68% of Americans are convinced that their government knows more about UFOs than it lets on, according to a 2019 poll by Gallup poll. Like Grusch, 33% believe that some sightings are related to alien spacecraft visiting the Earth. “My testimony is based on information I’ve been given by individuals with a long-standing track record of legitimacy and service to this country, many of whom have shared compelling evidence in the form of photography, official documentation and classified oral testimony [with] myself and many colleagues,” Grusch assured the House Oversight Committee. As this was all classified information, he didn’t provide further evidence. “Otherwise, I would go to jail,” he explained.
The Pentagon reacted to this testimony with a resounding denial, stating that its investigators had obtained “no verifiable information to corroborate these claims.” Skeptical voices were also heard on Wednesday, amid an unusual climate of bipartisan harmony. For instance, Eric Burlison, a Republican from Missouri, said it didn’t add up to him that “an alien species [that’s] technologically advanced enough to travel billions of light-years” would then be unable to survive on Earth and end up crashing their ship. “It seems crazy to me,” he said.
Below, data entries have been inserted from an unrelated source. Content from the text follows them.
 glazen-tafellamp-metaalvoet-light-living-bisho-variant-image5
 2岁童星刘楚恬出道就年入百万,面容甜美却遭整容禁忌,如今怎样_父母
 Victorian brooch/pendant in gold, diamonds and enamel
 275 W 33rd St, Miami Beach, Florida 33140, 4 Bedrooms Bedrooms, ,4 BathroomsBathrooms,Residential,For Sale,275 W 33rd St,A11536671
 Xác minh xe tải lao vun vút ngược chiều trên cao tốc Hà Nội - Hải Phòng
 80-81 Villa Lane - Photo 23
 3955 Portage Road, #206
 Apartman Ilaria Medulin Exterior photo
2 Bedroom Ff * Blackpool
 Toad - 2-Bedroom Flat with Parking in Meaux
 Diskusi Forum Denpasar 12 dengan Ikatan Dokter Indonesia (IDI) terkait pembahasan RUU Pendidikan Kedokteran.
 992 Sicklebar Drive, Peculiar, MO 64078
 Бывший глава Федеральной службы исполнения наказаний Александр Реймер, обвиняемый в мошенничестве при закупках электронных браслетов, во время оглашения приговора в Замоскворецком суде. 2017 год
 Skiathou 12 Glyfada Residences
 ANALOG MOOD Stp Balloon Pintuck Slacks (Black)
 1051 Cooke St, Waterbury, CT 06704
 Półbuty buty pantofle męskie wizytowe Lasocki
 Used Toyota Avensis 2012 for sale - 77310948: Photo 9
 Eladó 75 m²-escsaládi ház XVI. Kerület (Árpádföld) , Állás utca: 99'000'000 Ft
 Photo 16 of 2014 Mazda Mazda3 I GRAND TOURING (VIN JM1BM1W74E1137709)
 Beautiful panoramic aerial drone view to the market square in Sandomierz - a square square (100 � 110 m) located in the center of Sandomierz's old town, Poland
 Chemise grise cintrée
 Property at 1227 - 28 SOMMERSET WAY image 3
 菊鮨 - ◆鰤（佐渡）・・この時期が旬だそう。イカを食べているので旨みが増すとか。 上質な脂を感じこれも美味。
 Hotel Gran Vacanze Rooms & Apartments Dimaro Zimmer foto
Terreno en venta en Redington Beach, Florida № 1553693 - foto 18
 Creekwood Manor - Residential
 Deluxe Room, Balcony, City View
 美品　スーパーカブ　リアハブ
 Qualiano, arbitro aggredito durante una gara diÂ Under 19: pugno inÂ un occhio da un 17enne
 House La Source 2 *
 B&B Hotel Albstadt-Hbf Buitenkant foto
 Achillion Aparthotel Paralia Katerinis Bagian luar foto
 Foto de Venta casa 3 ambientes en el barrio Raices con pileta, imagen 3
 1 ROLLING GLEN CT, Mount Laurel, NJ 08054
Grusch’s complaint — which incorporates some of the classic elements of UFO-based conspiracy theories — was actually published in a handful of marginal media outlets back in June, after newspapers such as The New York Times and The Washington Post decided not to publish his allegations. The two authors of the piece had previously written another article in 2017 in the New York newspaper, a milestone in the new golden age of American fascination with UFOs.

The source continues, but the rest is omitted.